* [WHAT THE EXERCISE ASKS]: Nothing outside the range is to be copied. From the entries below, reproduce exactly the lines starting at the one with "UP Election 2022: मां" and ending at the one with "99 00 01 02", without pictures.
(RECORDS FOR THE TASK Opens)
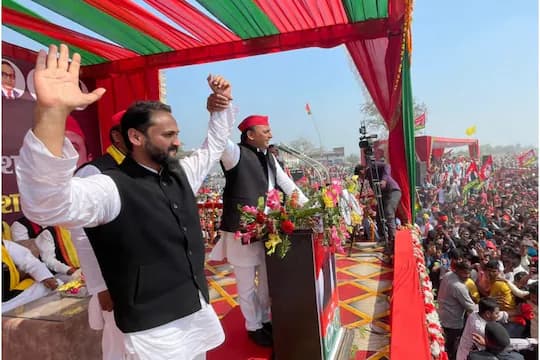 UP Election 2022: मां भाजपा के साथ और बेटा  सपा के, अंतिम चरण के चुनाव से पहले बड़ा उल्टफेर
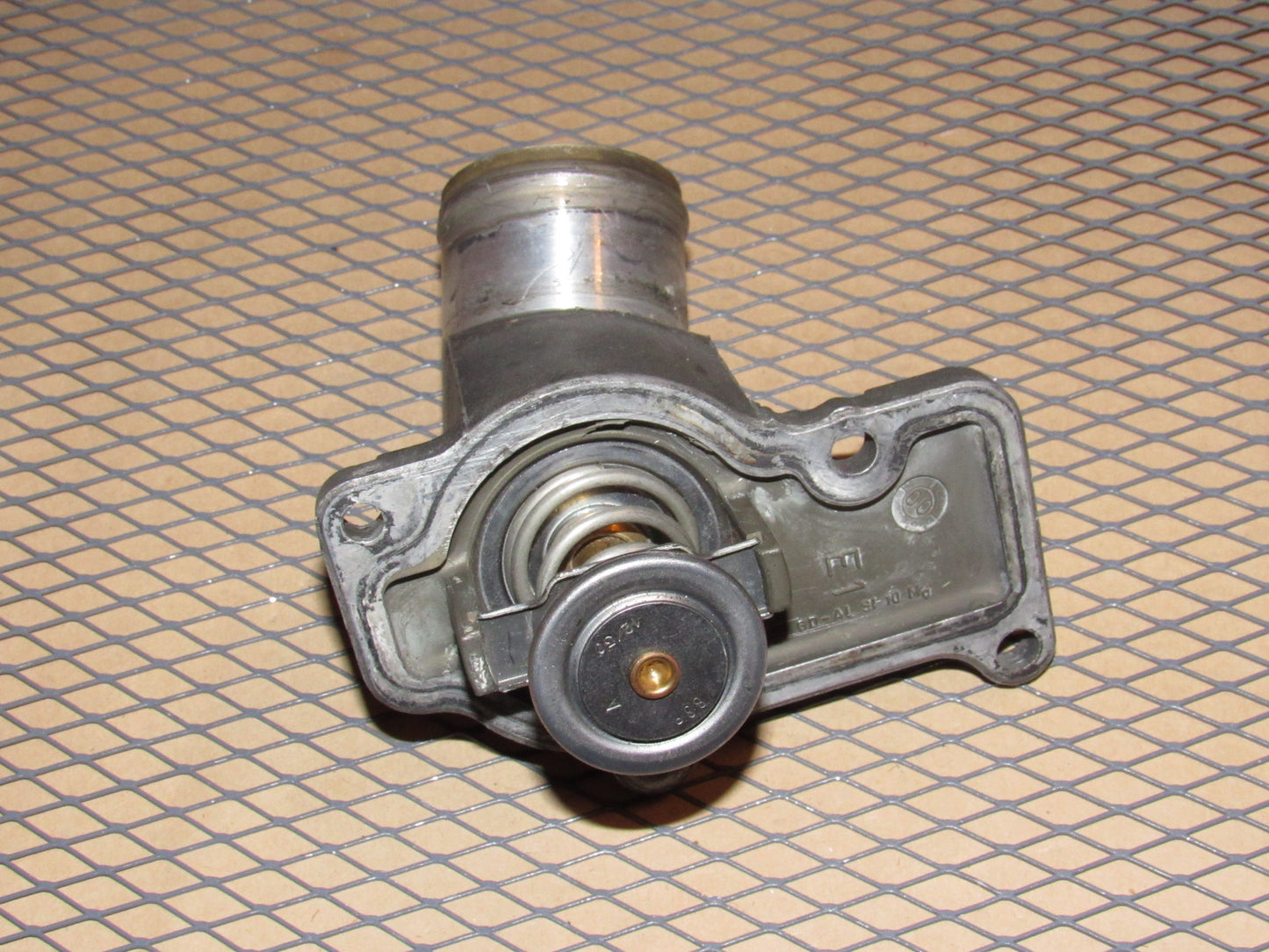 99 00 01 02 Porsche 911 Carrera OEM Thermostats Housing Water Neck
(RECORDS FOR THE TASK Closes)
(RECORDS FOR THE TASK Opens)
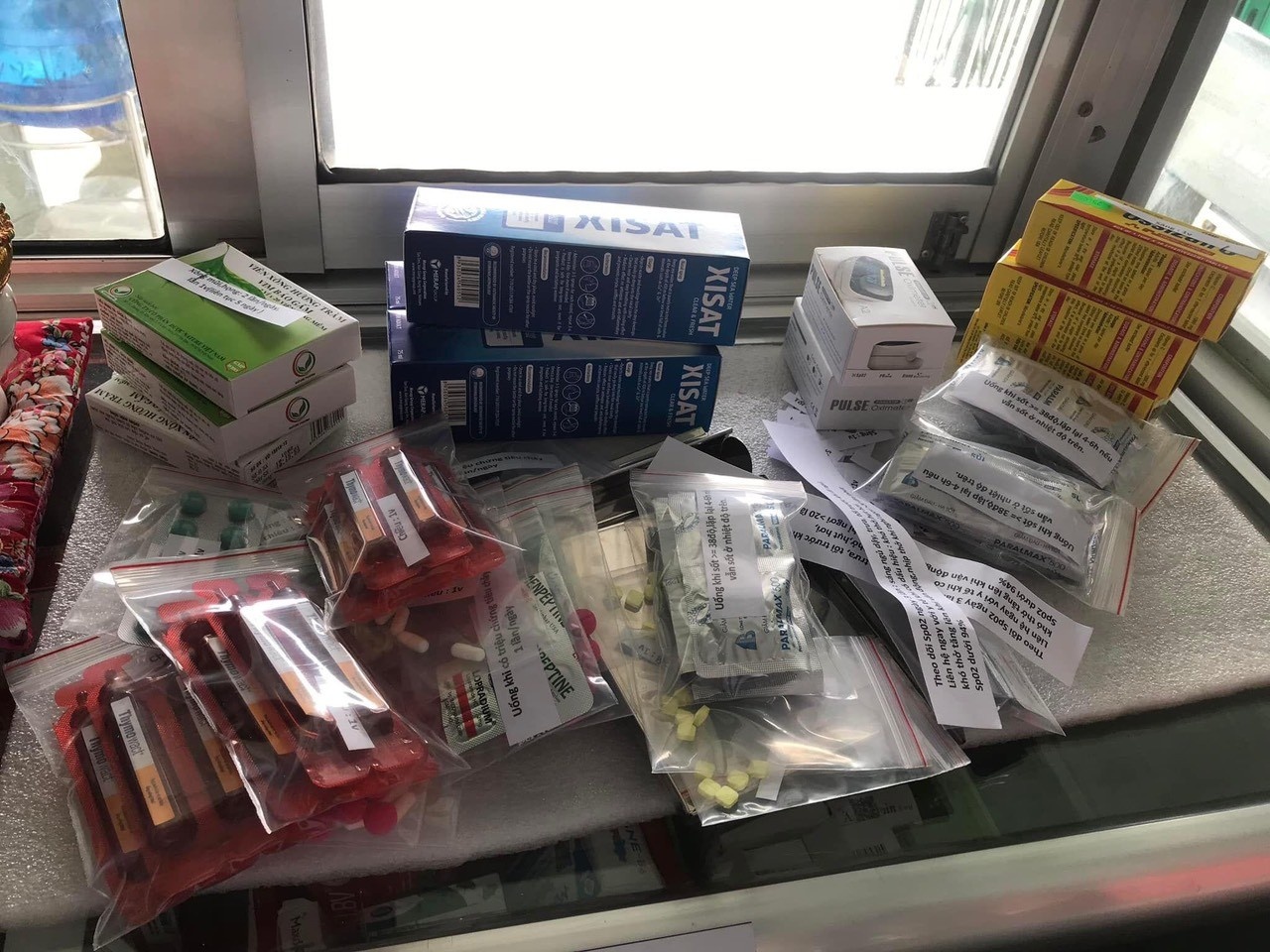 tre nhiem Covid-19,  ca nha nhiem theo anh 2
(RECORDS FOR THE TASK Closes)
* [RESULT FOR THIS TASK]:
 UP Election 2022: मां भाजपा के साथ और बेटा  सपा के, अंतिम चरण के चुनाव से पहले बड़ा उल्टफेर
 99 00 01 02 Porsche 911 Carrera OEM Thermostats Housing Water Neck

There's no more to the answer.